### DATA FOR PROCESSING

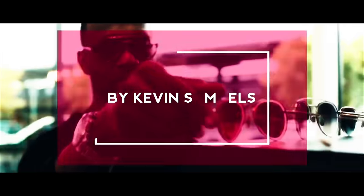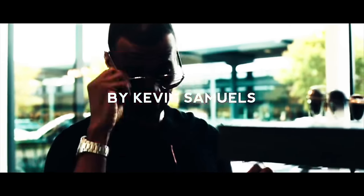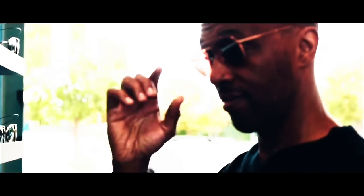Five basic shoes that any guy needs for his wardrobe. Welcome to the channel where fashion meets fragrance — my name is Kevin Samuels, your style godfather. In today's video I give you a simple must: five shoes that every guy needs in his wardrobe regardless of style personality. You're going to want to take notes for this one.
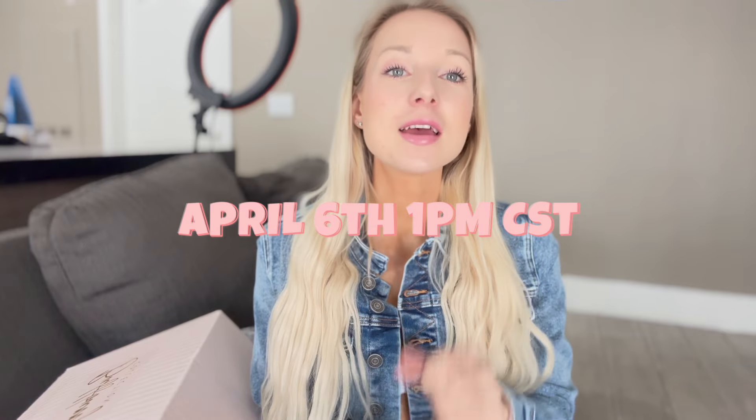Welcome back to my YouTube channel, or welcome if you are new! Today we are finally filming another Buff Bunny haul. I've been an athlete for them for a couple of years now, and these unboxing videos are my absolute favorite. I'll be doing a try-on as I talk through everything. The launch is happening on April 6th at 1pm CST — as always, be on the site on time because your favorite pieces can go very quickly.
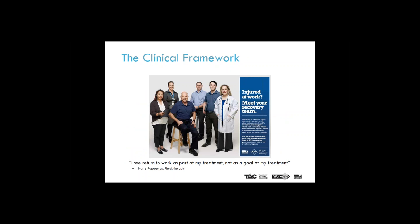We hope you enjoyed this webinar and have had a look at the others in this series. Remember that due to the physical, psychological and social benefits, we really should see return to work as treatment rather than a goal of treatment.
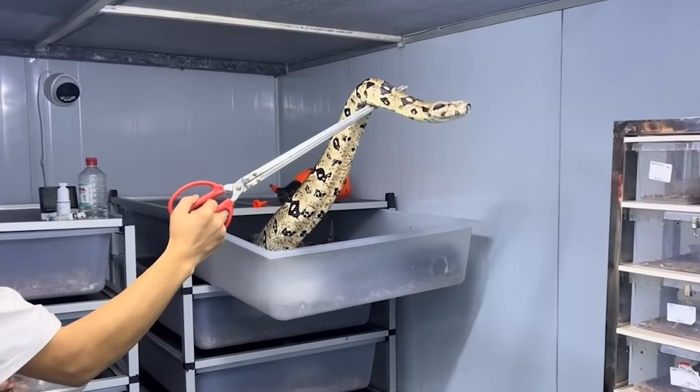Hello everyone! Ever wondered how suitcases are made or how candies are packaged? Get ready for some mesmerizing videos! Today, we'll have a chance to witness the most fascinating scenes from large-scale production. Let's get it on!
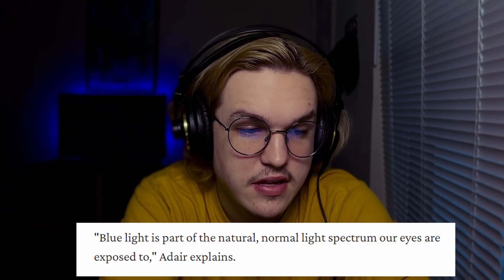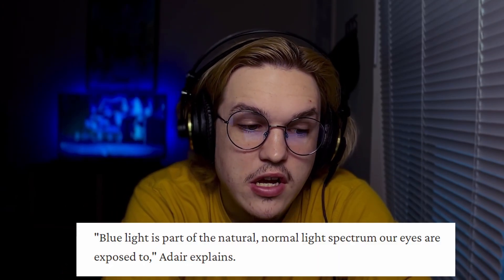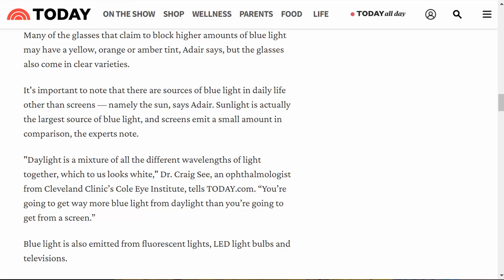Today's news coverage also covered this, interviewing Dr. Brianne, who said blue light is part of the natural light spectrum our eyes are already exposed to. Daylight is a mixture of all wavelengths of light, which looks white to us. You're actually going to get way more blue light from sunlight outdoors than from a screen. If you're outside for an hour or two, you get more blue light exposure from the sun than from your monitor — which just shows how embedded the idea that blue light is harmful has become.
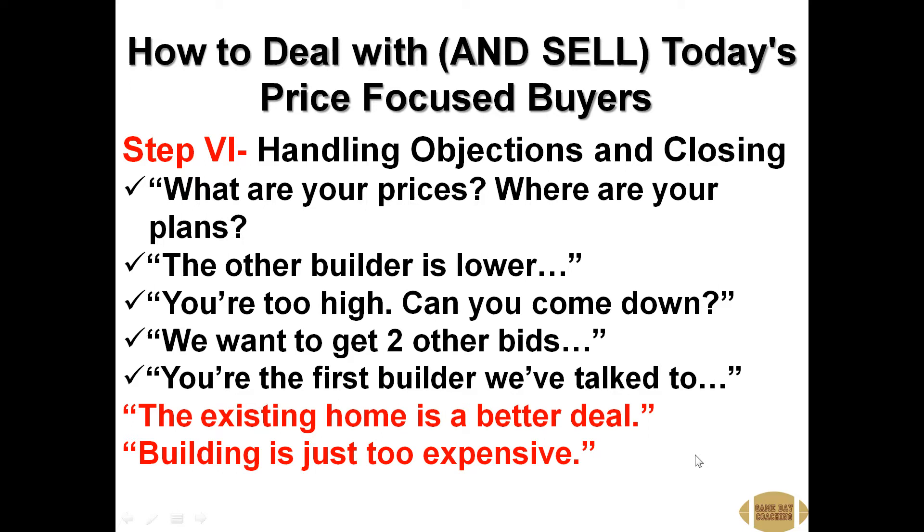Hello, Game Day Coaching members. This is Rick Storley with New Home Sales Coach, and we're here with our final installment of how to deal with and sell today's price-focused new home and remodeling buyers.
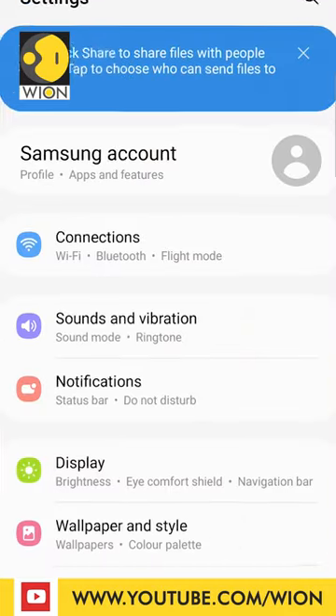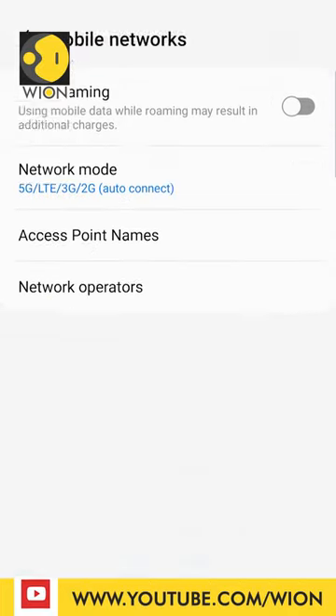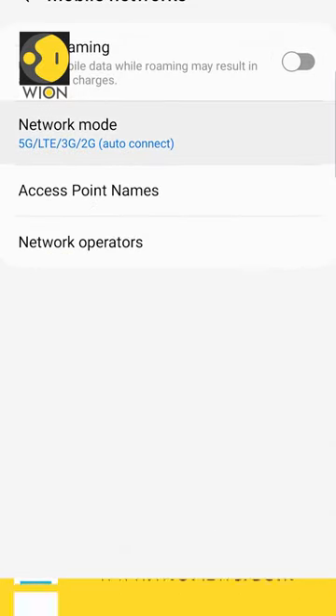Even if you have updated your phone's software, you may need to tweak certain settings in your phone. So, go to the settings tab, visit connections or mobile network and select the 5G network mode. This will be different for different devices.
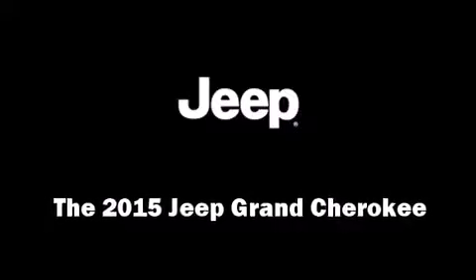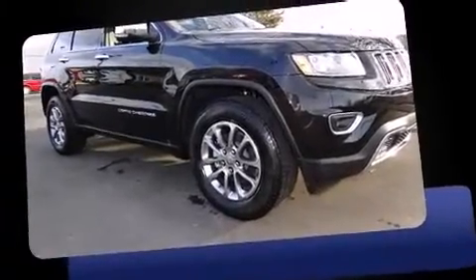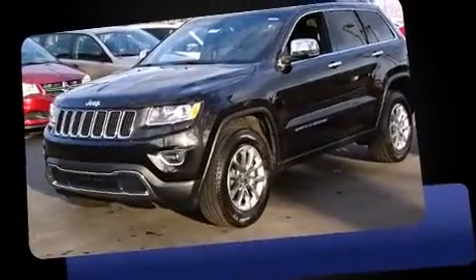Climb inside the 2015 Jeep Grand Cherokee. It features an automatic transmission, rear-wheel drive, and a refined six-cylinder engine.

######

Nothing but the lines from the one containing "Even if you" through the end of the listing should be printed, each exactly as it appears and without pictures.

Even if you have updated your phone's software, you may need to tweak certain settings in your phone. So, go to the settings tab, visit connections or mobile network and select the 5G network mode. This will be different for different devices.
Climb inside the 2015 Jeep Grand Cherokee. It features an automatic transmission, rear-wheel drive, and a refined six-cylinder engine.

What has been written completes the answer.